UK-based Tattvam AI to automate chip design, eyes India’s semicon opportunity

Tattvam AI, a UK-based startup founded by Bragadeesh Suresh Babu, an IIT Madras alumnus, is looking to automate one of the most complex stages of semiconductor development — chip design itself.
As the global race to build custom silicon intensifies, Tattvam AI is building what it calls the AI layer for semiconductor engineering, aiming to reduce development timelines that currently stretch two to three years down to a matter of weeks. The company emerged from stealth on Wednesday with $1.7 million in pre-seed funding, led by Seedcamp, with participation from EWOR, Entropy Industrial Ventures, Concept Ventures, and semiconductor veteran Stan Boland.
The timing reflects a broader industry shift. From hyperscalers to AI startups, companies are racing to build application-specific processors tailored for AI training, inference and other high-performance workloads. Custom silicon can deliver dramatically higher performance and improved energy efficiency compared to general-purpose chips.
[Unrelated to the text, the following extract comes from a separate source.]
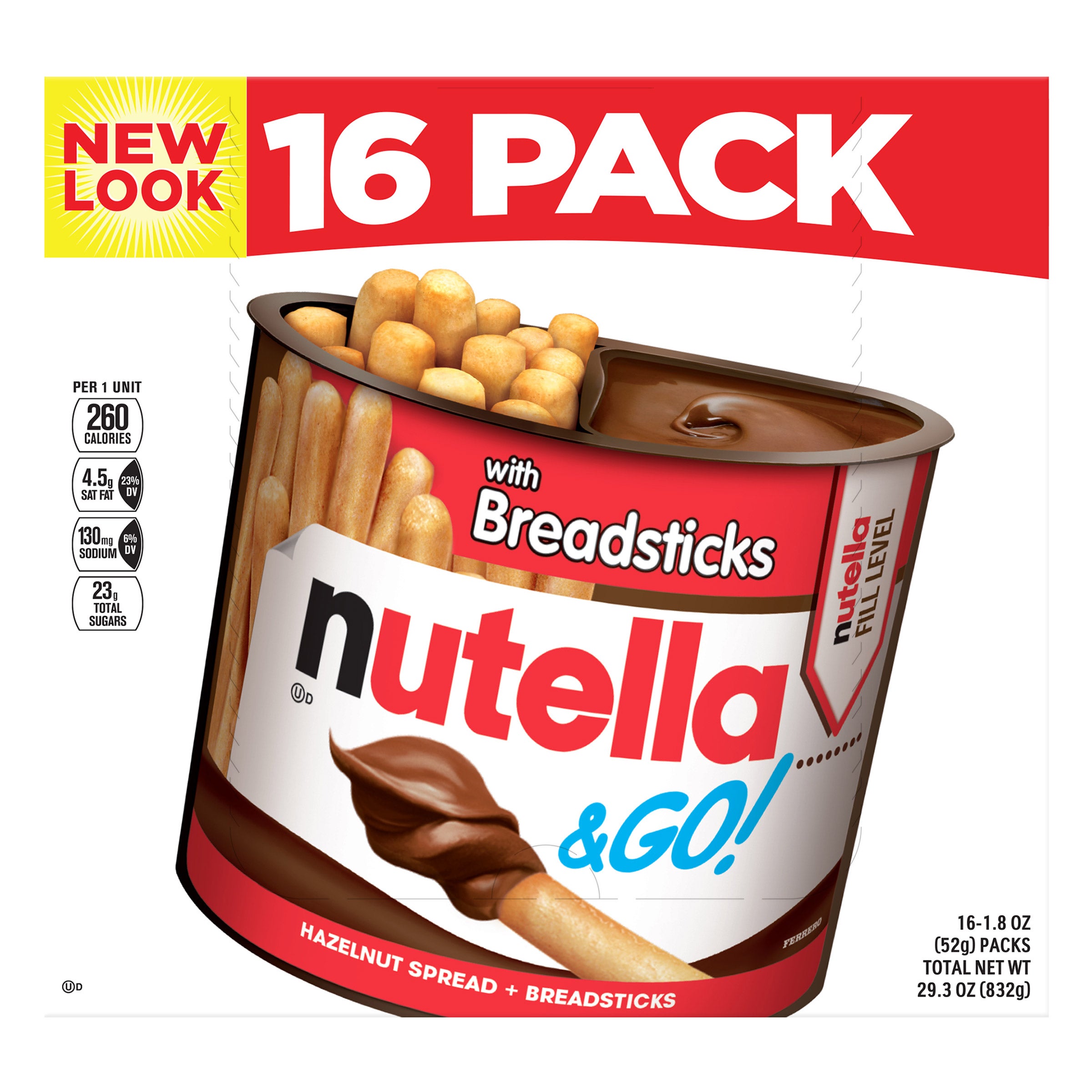 Nutella & GO! Hazelnut and Cocoa Spread With Breadsticks, 1.8 oz, 16 Pack 1 Nutella & GO! Hazelnut and Cocoa Spread With Breadsticks, 1.8 oz, 16 Pack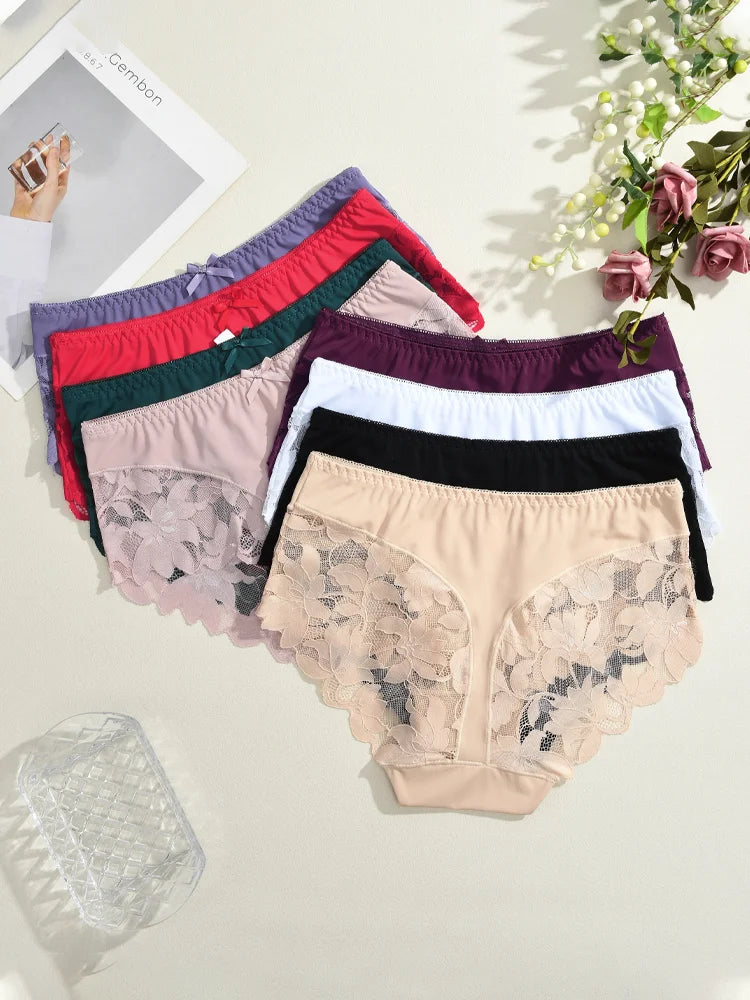 Seamless Lace Patchwork Mid-Rise Panties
Global technology leaders such as Google have developed their own AI-focused processors, while Nvidia continues to dominate the AI hardware market. Meanwhile, emerging players, including UK-based Fractile, are building specialised inference chips to meet growing demand.
Despite advances in AI-assisted coding on the software side, chip design remains largely manual, iterative and dependent on a small pool of highly specialised engineers working with complex Electronic Design Automation (EDA) tools. Tattvam AI is attempting to change that.
“Chip design is fundamentally a reasoning problem over an enormous search space, not unlike the kind of reasoning that’s needed to solve hard problems in mathematics,” said Bragadeesh Suresh Babu, CEO and co-founder of Tattvam AI.
“Current AI tools, even the most advanced LLMs, struggle with the deep structural understanding that chip design demands. We're building a reasoning model that actually understands circuits from first principles — the constraints, the trade-offs, the interdependencies — the same way a world-class engineer would, and doing it in a fraction of the time.”

The startup’s AI system is designed to deeply understand circuit structure and autonomously solve complex design tasks, navigating trade-offs across power, performance and area. By automating critical parts of the workflow, Tattvam AI aims to reduce costs, accelerate iteration and make custom silicon accessible to more companies.
The India angle is significant. Bragadeesh is an alumnus of IIT Madras, a leading engineering institution that has increasingly become a hub for semiconductor research and deeptech innovation. India has been sharpening its semiconductor ambitions through policy incentives and design-linked schemes, positioning chip design as a strategic opportunity given the country’s strong engineering talent base.
While large-scale fabrication remains capital-intensive, AI-led design automation could expand participation in advanced chip development from Indian engineering teams and startups. Tattvam AI’s founding team spans London and Europe, including co-founder Lannan Jiang, who has been developing chips at a research lab at ETH Zurich.

The company plans to launch its first product in the coming months as it works with partners on next-generation silicon programmes. As AI models scale and computational demands surge across sectors, from mobility to scientific computing, Tattvam AI said it is betting that the next disruption in semiconductors will come not only from new architectures — but also from automating how those architectures are built.